Selon les dispositions de la convention collective nationale de la Pharmacie d’officine du 3 décembre 1997, qui reprennent celles du code du travail, le congé principal d’une durée de 24 jours ouvrables[1], doit être pris entre le 1er mai et le 31 octobre. L’employeur doit fixer l’ordre des départs en congés et le porter à la connaissance de chaque salarié au moins un mois avant son départ. Il ne peut, sauf circonstances exceptionnelles, modifier l’ordre et les dates des congés moins d’un mois avant la date de départ prévue.

Le contexte épidémique actuel et les difficultés économiques rencontrées à ce titre par les officines constituent un cas de circonstance exceptionnelle permettant à l’employeur de modifier les dates des congés moins d’un mois avant la date de départ prévue.

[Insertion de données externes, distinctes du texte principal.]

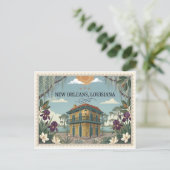 Vintage New Orleans Louisiana Travel シーズンポストカード (スタンド正面)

Dans ces conditions, l’employeur peut modifier :

  • uniquement l’ordre et les dates des congés qu’il a déjà fixés ;
    • y compris lorsque la date de prise de ces congés se situe à moins d’un mois de la date de départ initialement prévue, compte tenu des circonstances exceptionnelles constituées par l’épidémie de Coronavirus ;
    • et en imposer une prise rapprochée voire immédiate, sans avoir à respecter le délai de prévenance d’un mois[2].

ATTENTION : ces possibilités de modification ne concernent que les congés payés restant à prendre jusqu’au 30 avril prochain et correspondant à l’exercice d’acquisition 2018/2019.

En effet, les congés payés relatifs à l’exercice d’acquisition 2019/2020 ne pourront être pris qu’à compter du 1er mai prochain : l’employeur ne saurait donc en imposer la prise anticipée quand bien même seraient-il déjà fixés au moins en partie.

Toutefois, les officines ont désormais la possibilité de déroger à ces limitations, dans certaines conditions.

En effet, en application de l’ordonnance du 25 mars 2020 portant mesures d’urgence en matière de congés payés, de durée du travail et de jours de repos[3], les entreprises peuvent notamment, sous réserve d’y être autorisées par un accord d’entreprise ou, à défaut, de branche, imposer la prise de congés non déposés, dans la limite de 6 jours de congés et en imposer la prise quasi immédiate puisque seul un délai de prévenance d’un jour franc doit être respecté (soit au moins un jour civil plein entre l’information de l’employeur et le jour de prise effective des congés). L’ordonnance permet également à l’employeur de s’affranchir de l’accord du salarié normalement requis en cas de fractionnement des congés. En revanche, dans l’hypothèse où une prise imposée des congés conduirait à un fractionnement du congé principal[4], les jours supplémentaires pour fractionnement resteront dus.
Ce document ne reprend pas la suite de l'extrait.